Problem details: An exact copy is required of every line from the one with "Image de Elegante" through the end of the data below, and the pictures must stay out of it.

Recorded information:
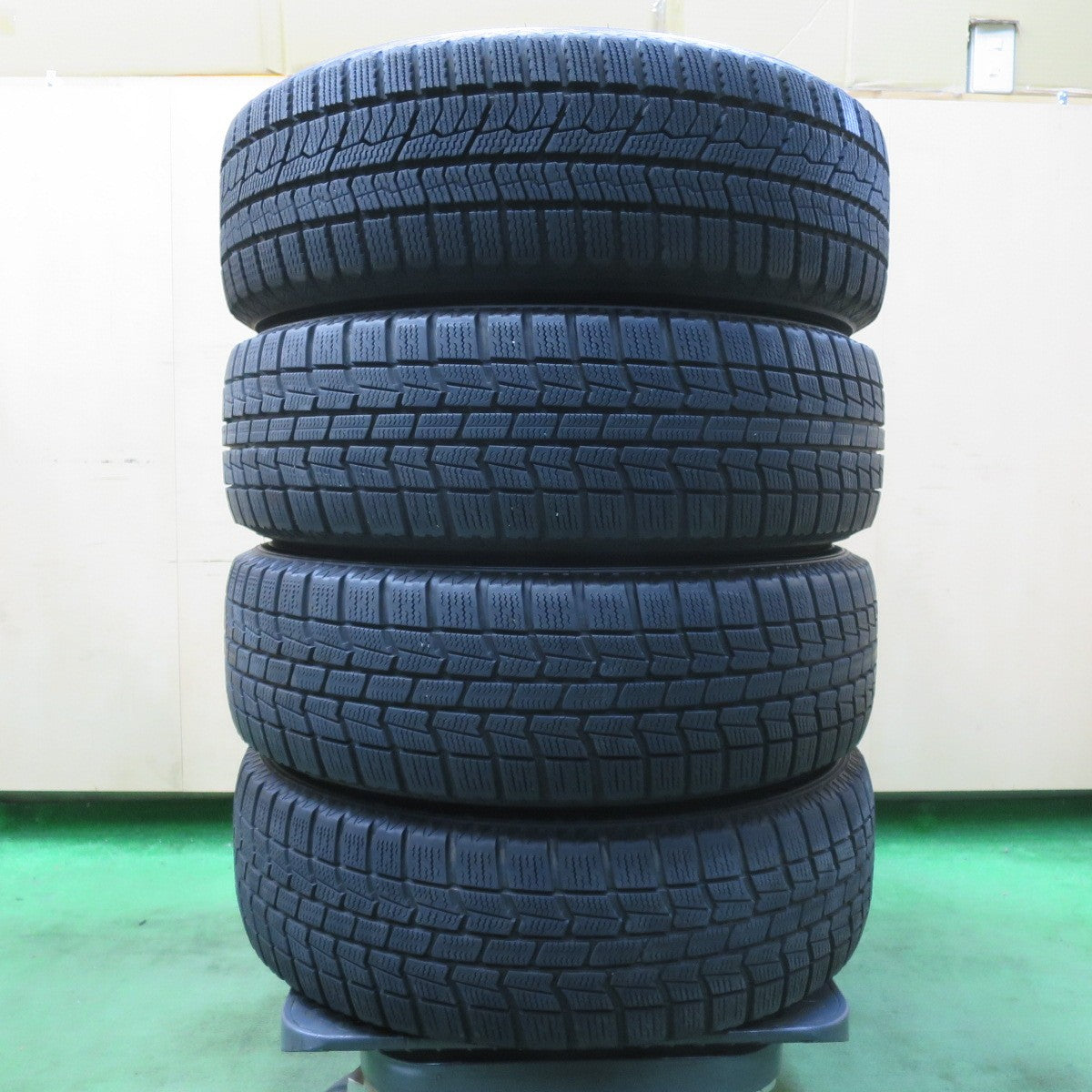 [送料無料] バリ溝！23年！9分★スタッドレス 185/65R15 トーヨー オブザーブ GIZ2 オートバックス ノーストレック N3i LEBEN レーベン 15インチ PCD100/4H★5031709イス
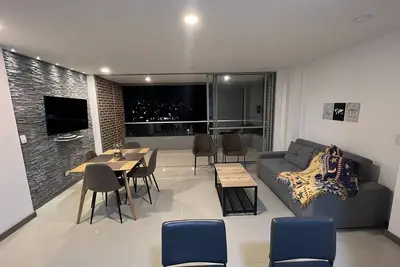 Image de Elegante Aptartamento de 3 Habitaciones en El Poblado, Medellín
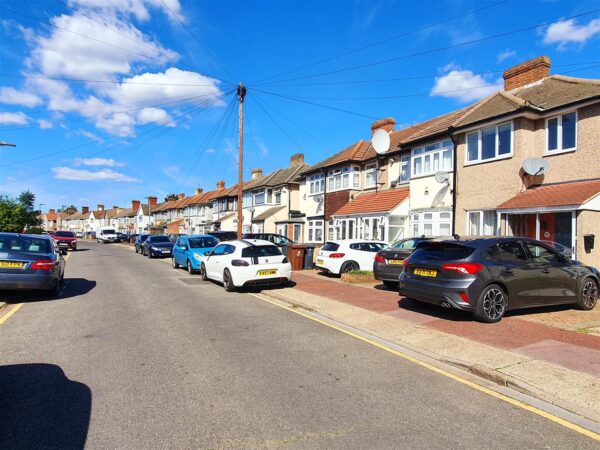 Second Avenue, Dagenham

Response to the exercise:
 Image de Elegante Aptartamento de 3 Habitaciones en El Poblado, Medellín
 Second Avenue, Dagenham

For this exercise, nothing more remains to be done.